Featured Article : US & UK Public Sectors Running Insecure IT

Featured Article : US & UK Public Sectors Running Insecure IT

A major new study has revealed that 78 per cent of (US) public sector organisations are still operating with serious, unresolved software security flaws, some of which have persisted for over five years.

Report Uncovers Widespread “Security Debt”

The findings come from US-based application risk management firm Veracode’s Public Sector State of Software Security 2025 report, released on 11 June. Based on an analysis of over 1.3 million software applications and 126 million security findings, the research highlights the extent to which government organisations in the US are falling behind on basic software vulnerability management.

According to the report, a massive 78 per cent of (US) public sector bodies are running with unresolved flaws that have remained open for more than a year, a situation Veracode refers to as “security debt”. In more than half of these organisations, the report identifies critical vulnerabilities with high risk potential that have still not been addressed.
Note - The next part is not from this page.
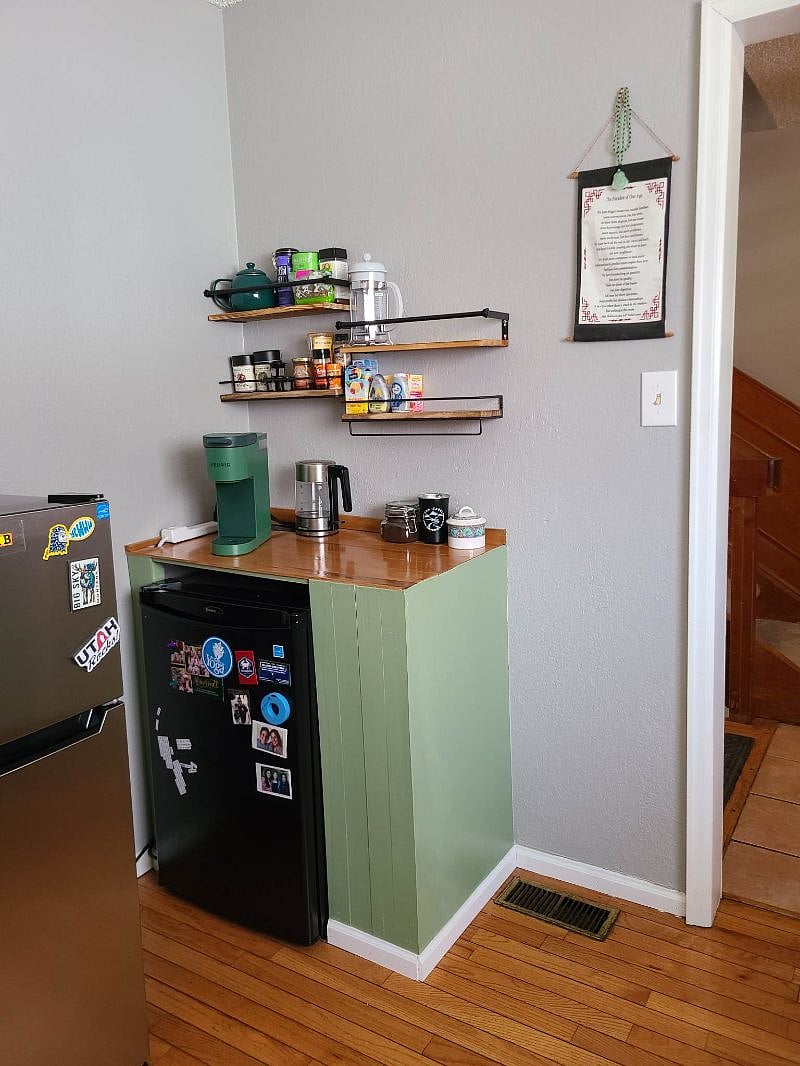 shared condiments fridge and coffee/tea station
Fixing Flaws Takes Far Longer in Government

One of the clearest indicators of the public sector’s struggle appears to be the time it takes to resolve these software issues. For example, the report shows that government bodies take an average of 315 days to fix just half of their identified software vulnerabilities. This is far higher than the cross-industry average of 252 days, which is already considered too slow by many cybersecurity experts.

That 63-day gap may sound modest, but Veracode warns it opens up a significant attack window. This is because these flaws, often in applications delivering essential services, could be exploited by attackers for months at a time. In some cases, flaws are left unresolved for multiple years. As the report shows, around one-third of vulnerabilities in US government software remain unpatched even after two years, and 15 per cent are still unresolved after five.

Chris Wysopal, Chief Security Evangelist at Veracode, described the situation as a systemic failure to keep pace with risk, saying: “Many government organisations are facing growing challenges in keeping up with vulnerability remediation, potentially leaving critical systems and data that run essential government services exposed.”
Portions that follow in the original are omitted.